From the data underneath, reproduce exactly the stretch that begins at the line with "Geranium kemulariae. Цветки." and ends after the line with "3d view of Woods".

_Extracted data_
- Opening Delimiter -

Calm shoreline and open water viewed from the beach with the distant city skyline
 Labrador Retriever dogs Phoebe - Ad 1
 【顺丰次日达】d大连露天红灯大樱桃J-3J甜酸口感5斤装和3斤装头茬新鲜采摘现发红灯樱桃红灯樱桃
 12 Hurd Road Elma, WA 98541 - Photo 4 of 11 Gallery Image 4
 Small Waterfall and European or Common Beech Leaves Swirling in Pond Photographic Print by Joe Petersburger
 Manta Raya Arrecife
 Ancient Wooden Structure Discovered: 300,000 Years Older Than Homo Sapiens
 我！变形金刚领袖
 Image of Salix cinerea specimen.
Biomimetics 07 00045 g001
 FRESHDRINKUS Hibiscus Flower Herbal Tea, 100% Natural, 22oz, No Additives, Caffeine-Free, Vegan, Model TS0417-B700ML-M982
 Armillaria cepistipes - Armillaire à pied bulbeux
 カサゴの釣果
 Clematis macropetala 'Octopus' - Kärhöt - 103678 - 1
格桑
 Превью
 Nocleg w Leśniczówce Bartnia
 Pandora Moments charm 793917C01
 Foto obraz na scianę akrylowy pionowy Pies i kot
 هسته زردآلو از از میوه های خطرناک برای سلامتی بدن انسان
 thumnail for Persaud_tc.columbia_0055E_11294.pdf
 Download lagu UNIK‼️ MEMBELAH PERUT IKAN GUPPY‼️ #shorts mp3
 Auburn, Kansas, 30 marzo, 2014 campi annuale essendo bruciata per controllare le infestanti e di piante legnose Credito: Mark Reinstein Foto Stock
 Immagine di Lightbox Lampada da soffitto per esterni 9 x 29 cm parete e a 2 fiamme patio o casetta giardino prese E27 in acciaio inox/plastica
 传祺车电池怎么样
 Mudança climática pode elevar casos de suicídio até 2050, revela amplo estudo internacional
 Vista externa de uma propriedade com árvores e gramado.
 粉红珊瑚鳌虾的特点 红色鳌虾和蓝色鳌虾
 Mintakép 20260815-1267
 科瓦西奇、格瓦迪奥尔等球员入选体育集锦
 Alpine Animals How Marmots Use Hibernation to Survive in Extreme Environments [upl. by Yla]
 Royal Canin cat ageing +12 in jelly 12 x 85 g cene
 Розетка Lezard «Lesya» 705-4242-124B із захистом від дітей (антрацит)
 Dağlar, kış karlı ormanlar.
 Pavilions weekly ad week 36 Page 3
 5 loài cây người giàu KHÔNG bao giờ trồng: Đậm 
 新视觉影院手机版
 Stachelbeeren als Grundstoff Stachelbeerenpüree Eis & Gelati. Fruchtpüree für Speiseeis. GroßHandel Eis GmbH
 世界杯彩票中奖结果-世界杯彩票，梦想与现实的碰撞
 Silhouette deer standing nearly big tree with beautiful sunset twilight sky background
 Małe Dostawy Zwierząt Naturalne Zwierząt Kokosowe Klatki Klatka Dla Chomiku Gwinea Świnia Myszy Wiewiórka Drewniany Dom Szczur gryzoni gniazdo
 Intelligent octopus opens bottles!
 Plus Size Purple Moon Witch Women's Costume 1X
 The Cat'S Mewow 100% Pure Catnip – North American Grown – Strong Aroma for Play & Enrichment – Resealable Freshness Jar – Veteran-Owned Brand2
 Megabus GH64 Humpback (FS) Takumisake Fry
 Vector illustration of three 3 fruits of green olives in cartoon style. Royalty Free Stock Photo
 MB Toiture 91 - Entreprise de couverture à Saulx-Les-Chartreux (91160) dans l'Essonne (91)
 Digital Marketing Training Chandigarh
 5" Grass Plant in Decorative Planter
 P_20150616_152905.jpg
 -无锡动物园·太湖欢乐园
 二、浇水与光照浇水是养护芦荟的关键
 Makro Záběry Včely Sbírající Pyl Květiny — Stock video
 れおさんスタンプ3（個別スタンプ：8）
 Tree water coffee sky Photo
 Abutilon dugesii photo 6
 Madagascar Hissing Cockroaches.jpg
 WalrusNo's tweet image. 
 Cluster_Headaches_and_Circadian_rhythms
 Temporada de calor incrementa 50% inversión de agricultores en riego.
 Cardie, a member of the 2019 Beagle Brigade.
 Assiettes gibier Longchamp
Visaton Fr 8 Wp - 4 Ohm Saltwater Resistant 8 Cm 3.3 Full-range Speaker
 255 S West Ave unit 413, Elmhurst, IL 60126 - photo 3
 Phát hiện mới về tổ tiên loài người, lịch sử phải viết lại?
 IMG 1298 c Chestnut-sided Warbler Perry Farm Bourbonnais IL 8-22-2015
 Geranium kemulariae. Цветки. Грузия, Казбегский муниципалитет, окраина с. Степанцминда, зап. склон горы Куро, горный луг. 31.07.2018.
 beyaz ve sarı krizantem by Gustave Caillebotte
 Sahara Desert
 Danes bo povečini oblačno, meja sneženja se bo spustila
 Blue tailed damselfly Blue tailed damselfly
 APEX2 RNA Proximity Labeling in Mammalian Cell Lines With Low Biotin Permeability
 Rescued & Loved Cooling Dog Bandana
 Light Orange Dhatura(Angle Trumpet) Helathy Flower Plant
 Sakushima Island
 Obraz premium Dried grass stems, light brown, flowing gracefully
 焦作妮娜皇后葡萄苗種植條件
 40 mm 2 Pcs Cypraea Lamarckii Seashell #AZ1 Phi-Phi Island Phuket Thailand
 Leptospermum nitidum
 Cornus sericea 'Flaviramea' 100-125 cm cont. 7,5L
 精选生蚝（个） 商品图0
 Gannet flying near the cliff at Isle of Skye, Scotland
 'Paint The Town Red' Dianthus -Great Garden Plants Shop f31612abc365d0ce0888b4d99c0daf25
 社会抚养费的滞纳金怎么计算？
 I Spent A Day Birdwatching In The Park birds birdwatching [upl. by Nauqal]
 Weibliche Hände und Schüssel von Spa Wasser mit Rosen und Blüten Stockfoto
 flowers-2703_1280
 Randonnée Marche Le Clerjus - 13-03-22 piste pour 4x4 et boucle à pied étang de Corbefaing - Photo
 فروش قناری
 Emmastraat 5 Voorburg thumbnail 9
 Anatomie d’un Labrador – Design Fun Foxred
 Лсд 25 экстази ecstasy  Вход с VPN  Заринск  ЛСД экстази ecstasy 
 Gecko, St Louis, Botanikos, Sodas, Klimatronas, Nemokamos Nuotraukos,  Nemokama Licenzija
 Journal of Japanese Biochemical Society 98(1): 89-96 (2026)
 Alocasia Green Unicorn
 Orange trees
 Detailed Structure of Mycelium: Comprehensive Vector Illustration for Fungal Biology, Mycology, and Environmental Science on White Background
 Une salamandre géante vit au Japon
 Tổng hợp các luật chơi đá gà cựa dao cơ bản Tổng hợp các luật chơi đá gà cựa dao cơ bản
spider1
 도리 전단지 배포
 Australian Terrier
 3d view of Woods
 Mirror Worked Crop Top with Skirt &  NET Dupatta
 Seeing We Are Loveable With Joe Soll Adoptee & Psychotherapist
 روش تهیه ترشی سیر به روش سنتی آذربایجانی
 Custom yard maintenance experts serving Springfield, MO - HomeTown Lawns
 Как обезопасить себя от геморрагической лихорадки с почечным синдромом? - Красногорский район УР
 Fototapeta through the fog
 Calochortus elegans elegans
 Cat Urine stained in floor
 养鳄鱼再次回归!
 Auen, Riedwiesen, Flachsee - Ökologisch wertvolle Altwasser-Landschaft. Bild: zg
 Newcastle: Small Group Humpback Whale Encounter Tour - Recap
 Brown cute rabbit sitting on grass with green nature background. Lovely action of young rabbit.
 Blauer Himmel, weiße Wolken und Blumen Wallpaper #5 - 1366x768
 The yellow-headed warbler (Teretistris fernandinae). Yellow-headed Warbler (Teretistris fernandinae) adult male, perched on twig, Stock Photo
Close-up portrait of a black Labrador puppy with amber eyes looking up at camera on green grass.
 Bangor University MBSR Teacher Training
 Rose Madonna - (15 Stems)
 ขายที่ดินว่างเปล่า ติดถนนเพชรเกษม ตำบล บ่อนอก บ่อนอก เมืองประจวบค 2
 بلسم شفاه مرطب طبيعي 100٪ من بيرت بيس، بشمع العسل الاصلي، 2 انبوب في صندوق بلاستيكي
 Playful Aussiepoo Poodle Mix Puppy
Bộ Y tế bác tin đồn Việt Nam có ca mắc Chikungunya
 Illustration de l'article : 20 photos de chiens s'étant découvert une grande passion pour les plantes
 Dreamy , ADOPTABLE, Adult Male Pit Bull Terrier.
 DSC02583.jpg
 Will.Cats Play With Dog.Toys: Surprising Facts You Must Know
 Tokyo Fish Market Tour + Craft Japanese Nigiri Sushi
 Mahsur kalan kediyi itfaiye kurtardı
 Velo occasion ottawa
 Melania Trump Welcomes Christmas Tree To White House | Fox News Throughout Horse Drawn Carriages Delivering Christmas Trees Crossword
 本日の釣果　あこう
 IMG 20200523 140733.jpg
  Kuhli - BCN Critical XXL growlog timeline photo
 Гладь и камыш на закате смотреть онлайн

- Closing Delimiter -

_Task solution_
 Geranium kemulariae. Цветки. Грузия, Казбегский муниципалитет, окраина с. Степанцминда, зап. склон горы Куро, горный луг. 31.07.2018.
 beyaz ve sarı krizantem by Gustave Caillebotte
 Sahara Desert
 Danes bo povečini oblačno, meja sneženja se bo spustila
 Blue tailed damselfly Blue tailed damselfly
 APEX2 RNA Proximity Labeling in Mammalian Cell Lines With Low Biotin Permeability
 Rescued & Loved Cooling Dog Bandana
 Light Orange Dhatura(Angle Trumpet) Helathy Flower Plant
 Sakushima Island
 Obraz premium Dried grass stems, light brown, flowing gracefully
 焦作妮娜皇后葡萄苗種植條件
 40 mm 2 Pcs Cypraea Lamarckii Seashell #AZ1 Phi-Phi Island Phuket Thailand
 Leptospermum nitidum
 Cornus sericea 'Flaviramea' 100-125 cm cont. 7,5L
 精选生蚝（个） 商品图0
 Gannet flying near the cliff at Isle of Skye, Scotland
 'Paint The Town Red' Dianthus -Great Garden Plants Shop f31612abc365d0ce0888b4d99c0daf25
 社会抚养费的滞纳金怎么计算？
 I Spent A Day Birdwatching In The Park birds birdwatching [upl. by Nauqal]
 Weibliche Hände und Schüssel von Spa Wasser mit Rosen und Blüten Stockfoto
 flowers-2703_1280
 Randonnée Marche Le Clerjus - 13-03-22 piste pour 4x4 et boucle à pied étang de Corbefaing - Photo
 فروش قناری
 Emmastraat 5 Voorburg thumbnail 9
 Anatomie d’un Labrador – Design Fun Foxred
 Лсд 25 экстази ecstasy  Вход с VPN  Заринск  ЛСД экстази ecstasy 
 Gecko, St Louis, Botanikos, Sodas, Klimatronas, Nemokamos Nuotraukos,  Nemokama Licenzija
 Journal of Japanese Biochemical Society 98(1): 89-96 (2026)
 Alocasia Green Unicorn
 Orange trees
 Detailed Structure of Mycelium: Comprehensive Vector Illustration for Fungal Biology, Mycology, and Environmental Science on White Background
 Une salamandre géante vit au Japon
 Tổng hợp các luật chơi đá gà cựa dao cơ bản Tổng hợp các luật chơi đá gà cựa dao cơ bản
spider1
 도리 전단지 배포
 Australian Terrier
 3d view of Woods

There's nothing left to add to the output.